A questo proposito, non è forse inutile ricordare che, in passato, Socrate e Gesù Cristo, ad esempio, sono stati condannati a morte dal volere della maggioranza o da rappresentanti della maggioranza. In tempi più recenti, maggioranze schiaccianti hanno dato il loro appoggio al fascismo, al nazional socialismo e al comunismo (per riferirci solo ai casi più noti) o sono state complici, in maniera più o meno compiacente, delle atrocità perpetrate dai governanti statali in nome della maggioranza.
Nel corso della storia, ogni qualvolta poteri esclusivi ed estensivi sono stati conferiti a qualcuno, fosse esso un singolo o una organizzazione, sulla base di una qualsiasi giustificazione, fosse essa la volontà di Dio o la volontà generale, crimini e misfatti ne sono seguiti, quasi inevitabilmente.
Nella seconda metà del XX secolo, molti stati hanno perso alcune delle loro tendenze più aggressive; nonostante ciò essi rimangono ancora grandi organizzazioni che pretendono di godere di un potere monopolistico che intendono esercitare in maniera assolutistica. In altre parole, le trasformazioni superficiali verso un più liberale stato di cose, servono solo a coprire una democrazia tuttora totalitaria, la cui faccia reale e brutale appare apertamente in situazioni di crisi, con la riaffermazione del suo potere attraverso il consueto armamentario dello statismo: bombardare, distruggere, controllare. (Fonte)

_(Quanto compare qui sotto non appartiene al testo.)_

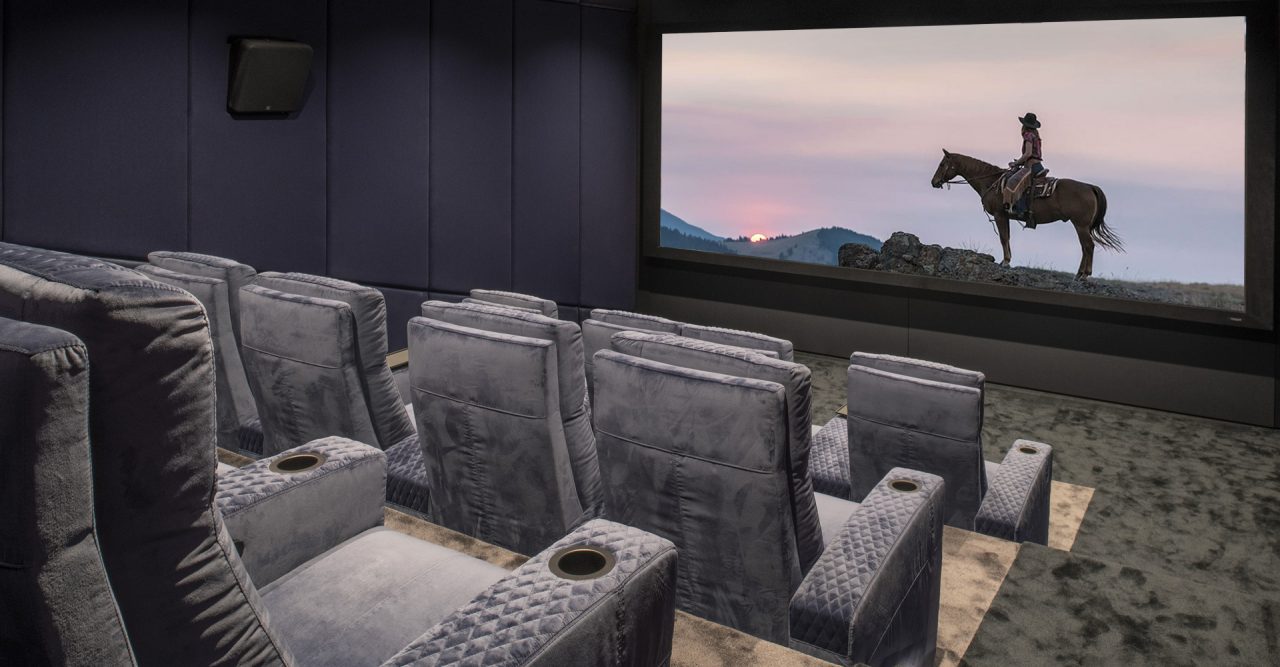 Luxury Home cinema with Ferrier theater seating. Grey plushy Roland Koller Signature Design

** Il fenomeno della rana bollita risale ad una ricerca condotta dal John Hopkins University nel lontano 1882. Durante un esperimento, alcuni ricercatori americani notarono che lanciando una rana in una pentola di acqua bollente, questa inevitabilmente saltava fuori per trarsi in salvo. Al contrario, mettendo la rana in una pentola di acqua fredda e riscaldando la pentola lentamente ma in modo costante, la rana finiva inevitabilmente bollita.
Riesco già ad immaginare la tua espressione inorridita… eppure questo esperimento descrive esattamente il modo in cui funziona anche il nostro sistema nervoso.
Ogni qualvolta introduciamo un cambiamento radicale nella nostra vita, il nostro cervello, come la rana nell’acqua bollente, cerca disperatamente di ritornare nella sua zona di comfort, annullando ogni nostro tentativo di cambiamento. Risultato? Frustrazione!
Al contrario, per ottenere un cambiamento duraturo, l’unica tecnica realmente efficace consiste nell’introdurre piccoli cambiamenti, ma in modo costante.
Nel breve periodo, questi piccoli cambiamenti sono impercettibili per il nostro sistema nervoso, ma nel lungo termine proprio questi piccoli passettini ci permetteranno di ottenere enormi trasformazioni (Fonte).